Although seemingly directly opposed, other sessions dealt with the psychological, legal, and professional fallout of complications, something that was sorely missing from training when I was a resident. The trainees I attended with were particularly drawn, which to me demonstrates our increased awareness and normalization of a human psyche vulnerable to trauma. Crisis management is no longer taboo, but openly discussed in a nonpunitive and constructive fashion. I suppose we’ve all had enough; the physician suicide ideation rate is double that of the general public, according to the Medscape Physician Suicide Report in 2023, with younger physicians being disproportionately affected. 

There is no denying that we are rapidly entering times to grapple with definitions of consciousness, life, autonomy, privacy, and humanity. We will undergo the murky work of figuring out where we fit into health care optimally as human beings and where we can appropriately offset less compassionate duties to machines. We will take on the responsibility of training these machines how to perform in a clinically appropriate fashion. Our role is changing, and in this world of constant technological evolution, we must pivot to meet the needs of burned out physicians and their exhausted patients.

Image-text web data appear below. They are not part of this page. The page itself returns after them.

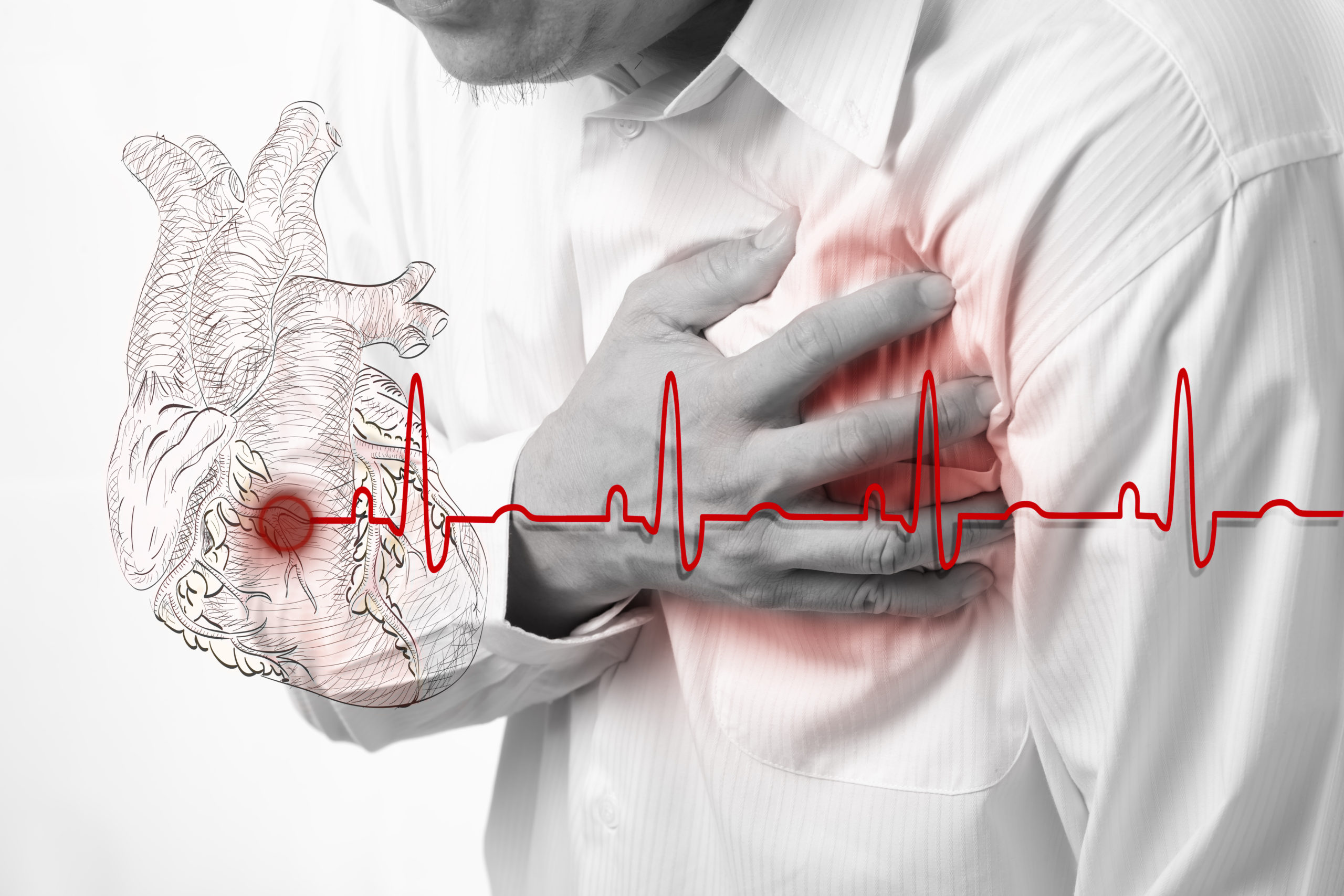 Коронарная или внезапная сердечная смерть – причины, симптомы, профилактика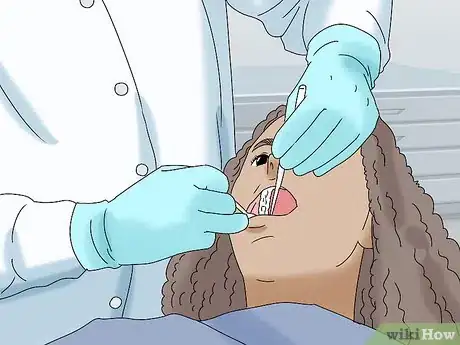 Image titled Clean Wisdom Teeth Step 8
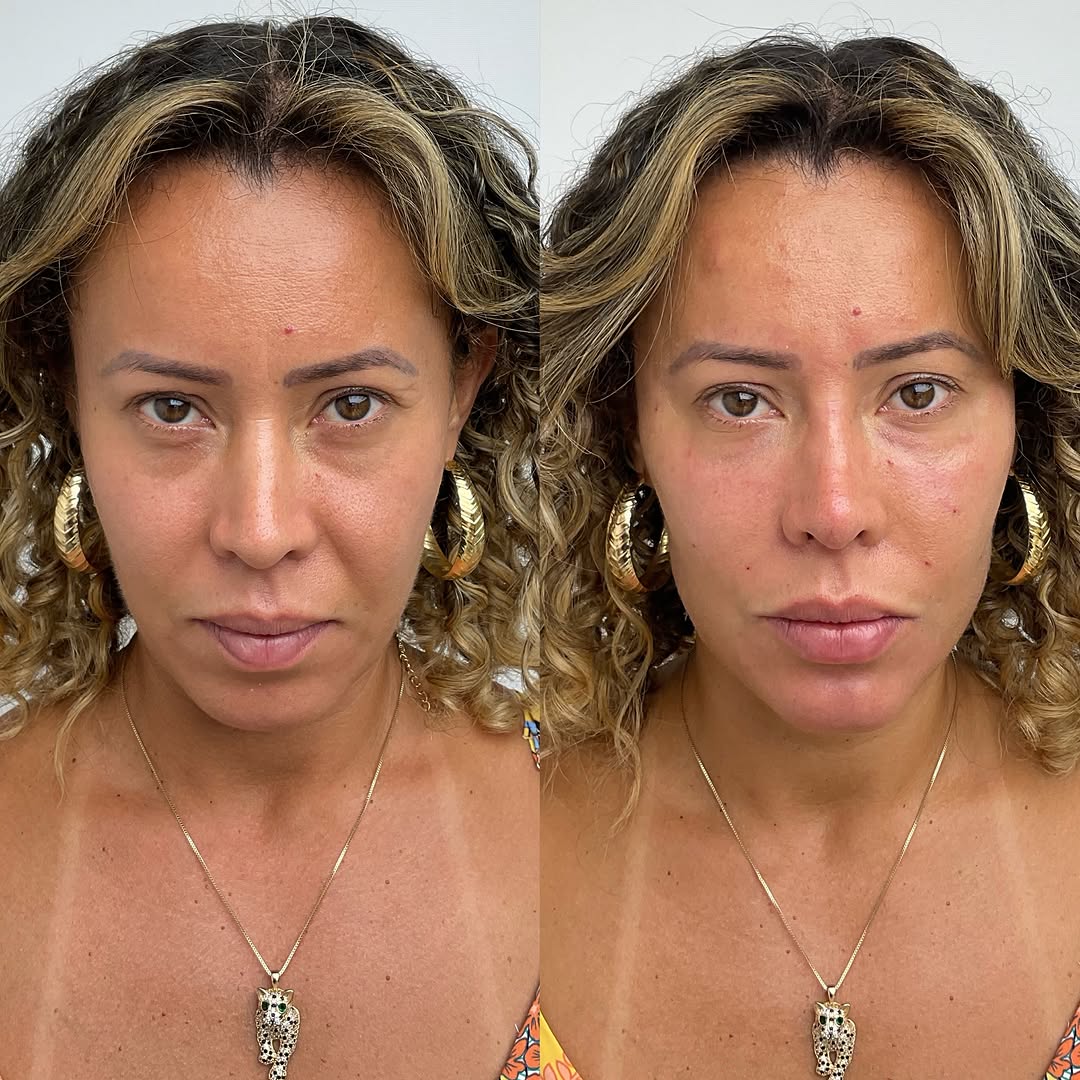 Detalhes que fazem a diferença. Naturalidade é harmonia.  Agende sua avaliação pelo link da bio! #harmonizacaofacial  #embelezamento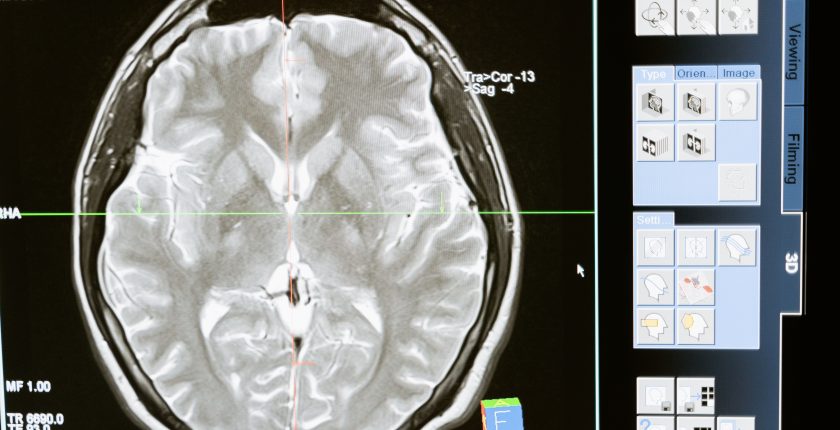 AI MedTech Brain Scan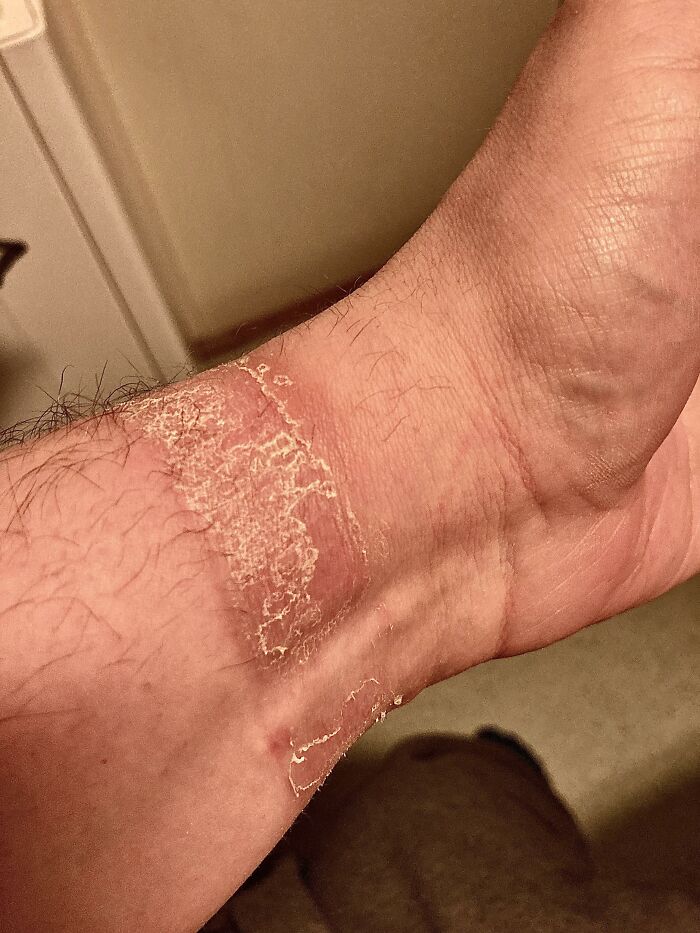 Let Me Introduce To You: My Wrist After Wearing Any Watch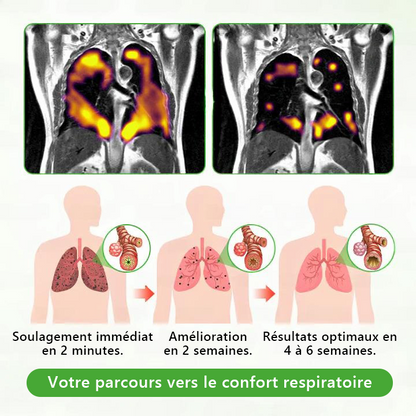 𝐃é𝐭𝐞𝐧𝐮𝐞 𝐞𝐭 𝐞𝐱𝐩𝐥𝐨𝐢𝐭é𝐞 𝐩𝐚𝐫 𝐥𝐚 𝐅𝐫𝐚𝐧𝐜𝐞✅ 𝑴𝒖𝒓𝙬𝙤𝐧® 𝑫𝒊𝒇𝒇𝒖𝒔𝒆𝒖𝒓 𝒅𝒆 𝑵𝒆𝒕𝒕𝒐𝒚𝒂𝒈𝒆 𝑷𝒖𝒍𝒎𝒐𝒏𝒂𝒊𝒓𝒆 à 𝒍𝒂 𝑴𝒐𝒍è𝒏𝒆 𝑩𝒐𝒕𝒂𝒏𝒊𝒒𝒖𝒆 (🫁 Toux, Pharyngite, essoufflement, expectorations, nez bouché, bronchite, symptômes allergiques, gêne pulmonaire)6🌈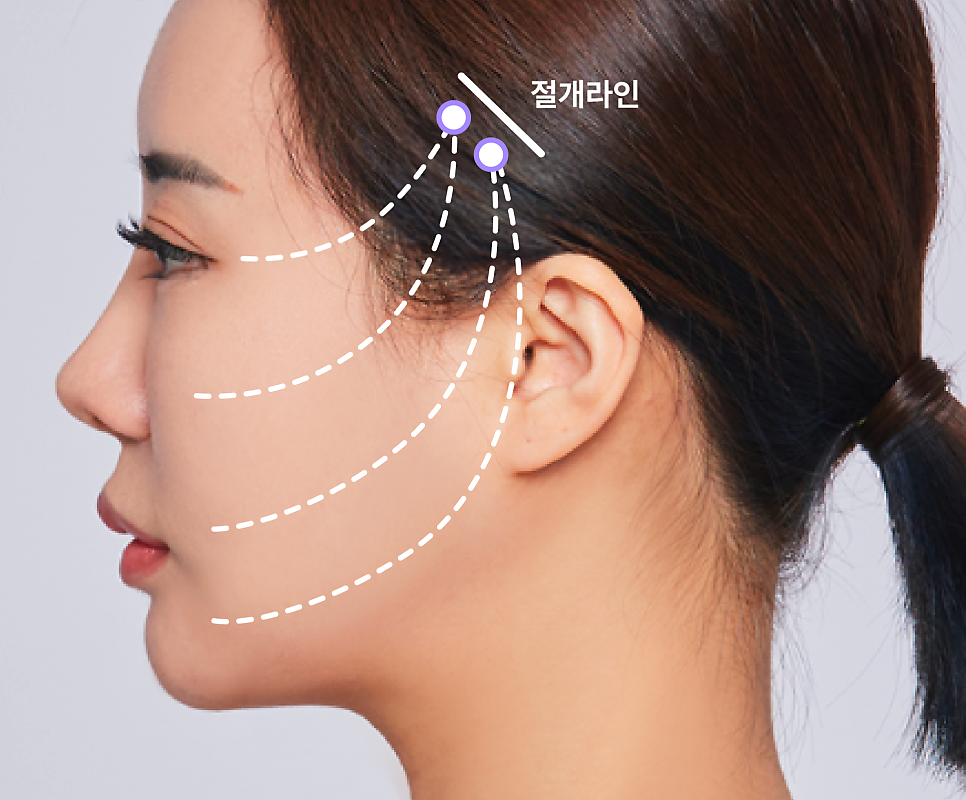 Smile Lifting Review and the Latest Lifting Trends Noted by Gangnam Lifting Dermatology Clinics image 10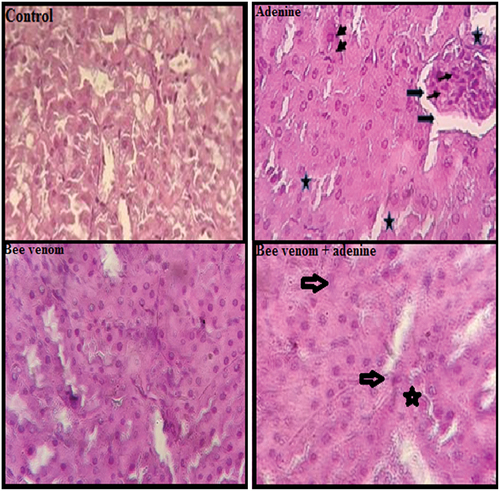 Figure 6. Hematoxylin and eosin staining of renal tissue (400x). Control mice and bee venom (0.7mg/kg bwt, ip) treated mice, showing normal renal histological structure and architecture. Adenine (50mg/kg bwt, ip) treated mice showing tubular necrosis (small arrow), glomeruli inflammation (Star), enlarged capsular space (thin arrow), and inflammatory cells (head arrow). Adenine + bee venom treated mice showing slight glomeruli tubular necrosis alterations. Scale bar: 50 µm.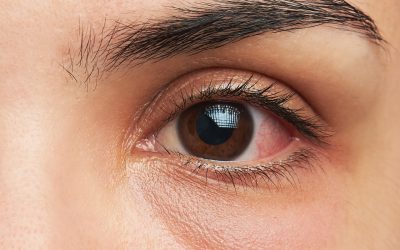 Glaucoma: consejos para detectarlo a tiempo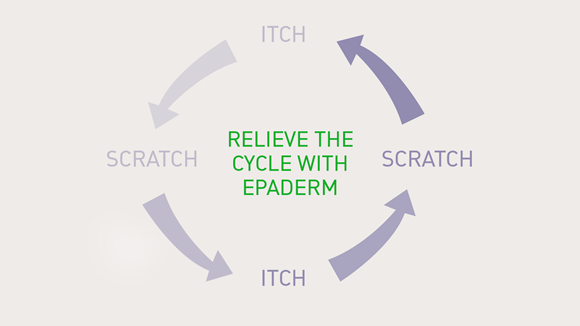 Help to break the itch cycle with Epaderm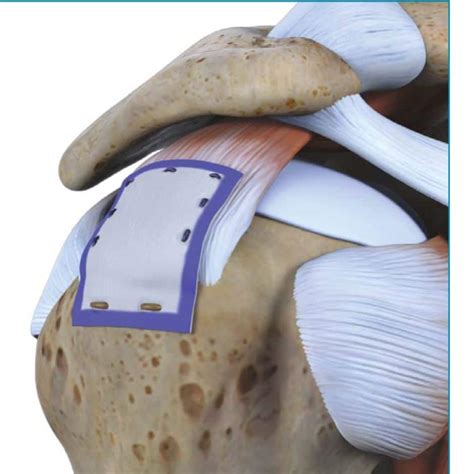 Tendon graft substitutes-rotator cuff patches - PubMed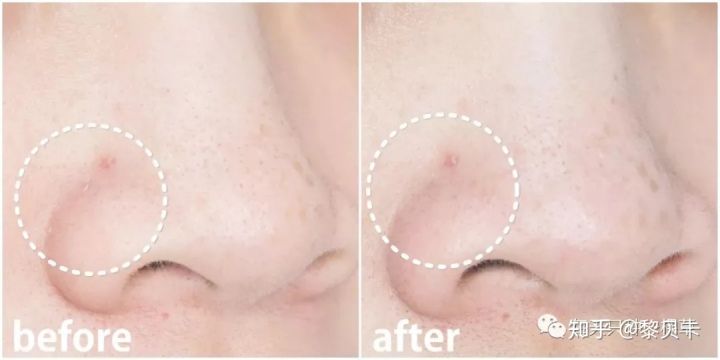 公认最好用的去黑头神器,网红推荐去黑头神器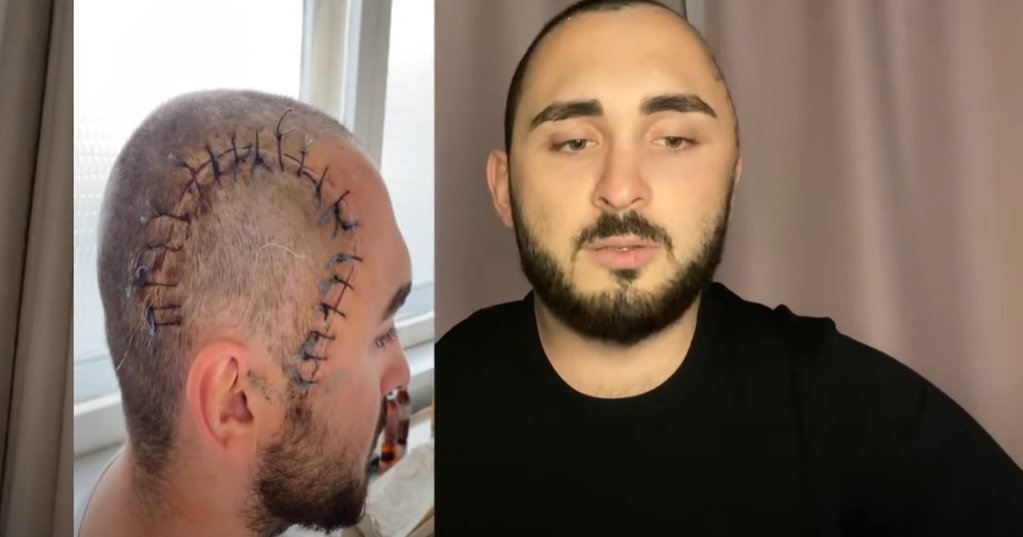 У Києві чоловік попросив у перехожих цигарку і ледь не помер від удару по голові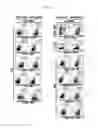 Fig. 17 - Peripheral blood stem cells with improved angiogenic properties and use thereof
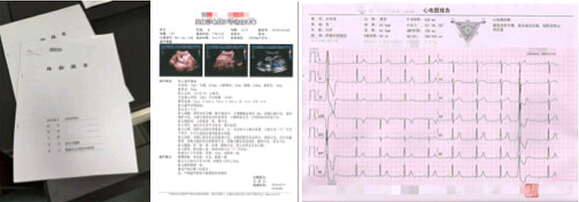 該院體檢中心的體檢報告示例 該院體檢中心的體檢報告示例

We are facing a precipice now with the opportunity to turn the broken health care system around. With AI and introspection, we as physicians may be able to take back our profession into the hands of those who provide it. After all, I have never been able to break scrub in the middle of a case and place the instruments in an administrator’s hands, but I’m sure AI will be keeping books sooner than it performs a carotid endarterectomy independently.

If SCVS is any indication, this is going to be quite a year. I encourage us all to keep an open mind and stay involved with these advancements. We have a responsibility as entities of human consciousness to responsibly feed machines with accurate medical knowledge for the prevention of harmful misinformation. Ultimately, most surgeons would agree that only we should be making these decisions with our patients, but our knowledge should be democratized in its most basic form. 

Was SCVS relaxing? Yes, but also exciting. The vascular surgery community is buzzing with what’s to come. I can’t wait for VAM.

Dr. Jing Li is a vascular surgeon at NewYork-Presbyterian Queens.